Pictures: A picture is worth a thousand words. Luckily, a 4-by-6 photo print from Walgreens is also worth 35 cents. Dirt cheap but also intently personal, printing out photos of your most cherished memories and closest friends may be the best way to decorate a blank wall. Especially for those in dorms, where all you have to work with is the wall to the side of your bed, photographs offer a way to make a patchwork collage of fond memories and scenery.

Posters: Larger and more expensive than their photographic counterparts, posters are a classic college decoration. Posters are perhaps the best way to showcase your taste in music, film and pop culture. Nothing builds friendships faster than seeing the poster of your favorite band on someone’s dorm room wall. However, when it comes to movies, try to showcase some originality. Everyone’s seen the “Pulp Fiction” and “Fight Club” posters a million times. Why not shake it up with some fan-made posters you can buy off Etsy or Redbubble or, better yet, some different movie posters. My favorites are “The Social Network,” “The Tree of Life” and “Midsommar.”

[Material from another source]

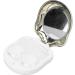 Contact lens case contact lens container plastic material convenient practical safe protection mirror appearance for individual use Gold - Buy Online on SooperMarket.com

Books: Nothing says classy and well-read better than an adorned bookshelf. Plus, with all that reading you’re doing for class, you’re bound to have a bunch of books lying around anyway. A nice line of books, especially if they’re arranged by height, or better yet, color, says you can read and decorate. Plus, some books’s cover art are so beautifully designed that they function as their own piece of artwork — face those outward on display. My favorites are the vintage edition of James Joyce’s “Ulysses” and Tyehimba Jess’s “Olio.”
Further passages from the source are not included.